Boretto (Reggio Emilia), 10 gennaio 2014 -  DOVEVA essere un punto di riferimento per la navigazione commerciale su fiume, ma dal 2007, anno della sua inaugurazione, in pratica non è mai entrato in funzione. Una vera e propria ‘cattedrale nel deserto’ da otto milioni di euro. È il Tec, il Terminal dell’Emilia Centrale di San Rocco di Boretto, un porto progettato nel paese reggiano per fungere da attracco per navi commerciali, unica infrastruttura idroviaria di questo tipo sulla sponda emiliana del Po.
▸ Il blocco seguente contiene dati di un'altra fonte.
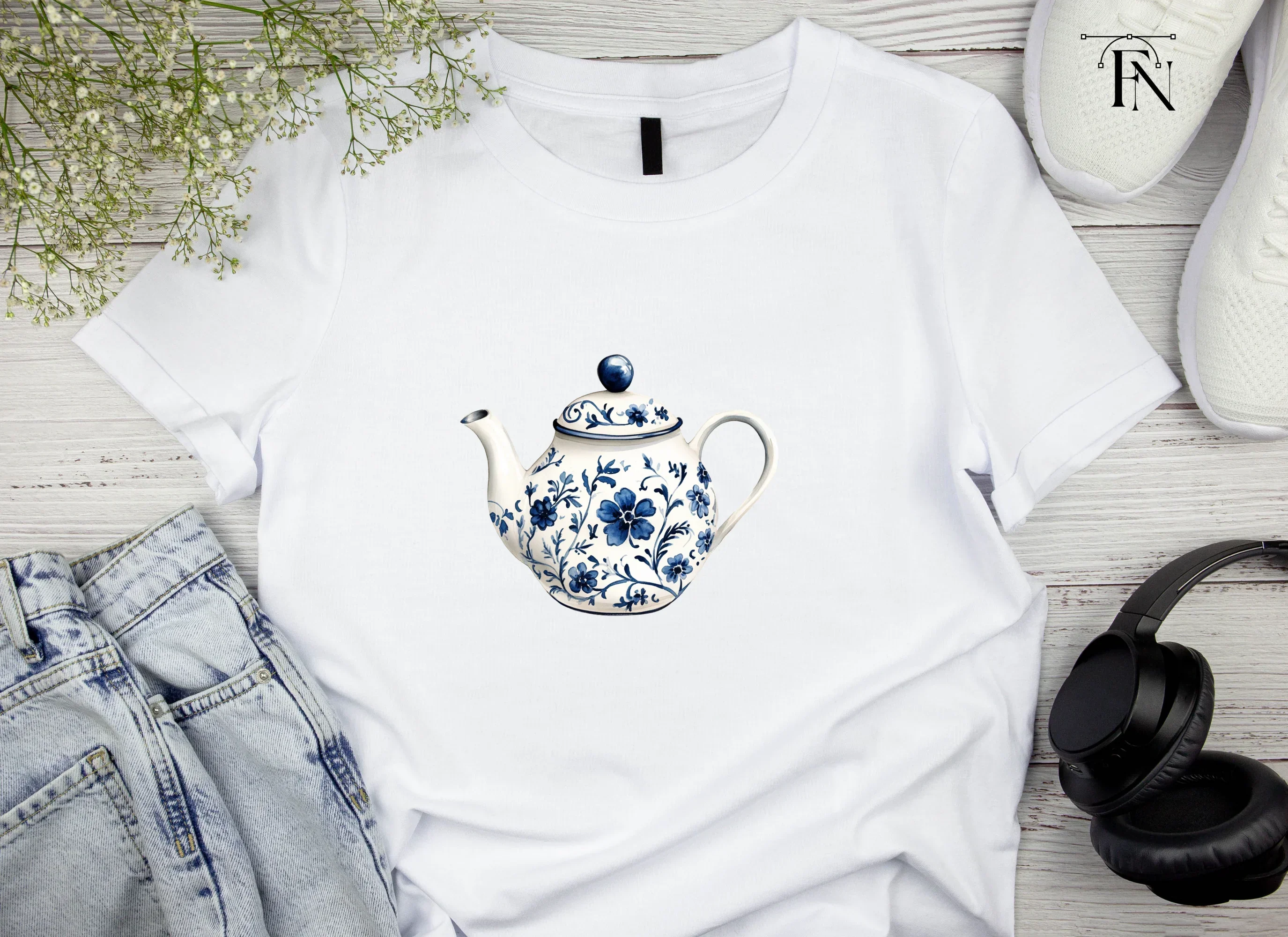 Elegant Blue and White Teapot Clipart Bundle - Image 4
Pensato già alla fine degli anni Novanta dai vertici dell’ex Arni (poi confluita in Aipo), il porto commerciale borettese doveva offrire un’alternativa al trasporto su strada e portare al fiume i flussi di traffico che si prestano al trasporto su acque interne: interti, sabbie, argille, ghiaia, ma anche olio combustibile, gas, prodotti chimici, farine, materiali ferrosi… Forte dei numeri del 2003 e del 2004 dei valori del trasporto su fiume (circa tre milioni di tonnellate di merci varie), il progetto del Tec sembrava essere un grosso investimento improntato al futuro del trasporto commerciale su una vasta area del nord Italia, fra la zona delle Ceramiche e la Motor Valley.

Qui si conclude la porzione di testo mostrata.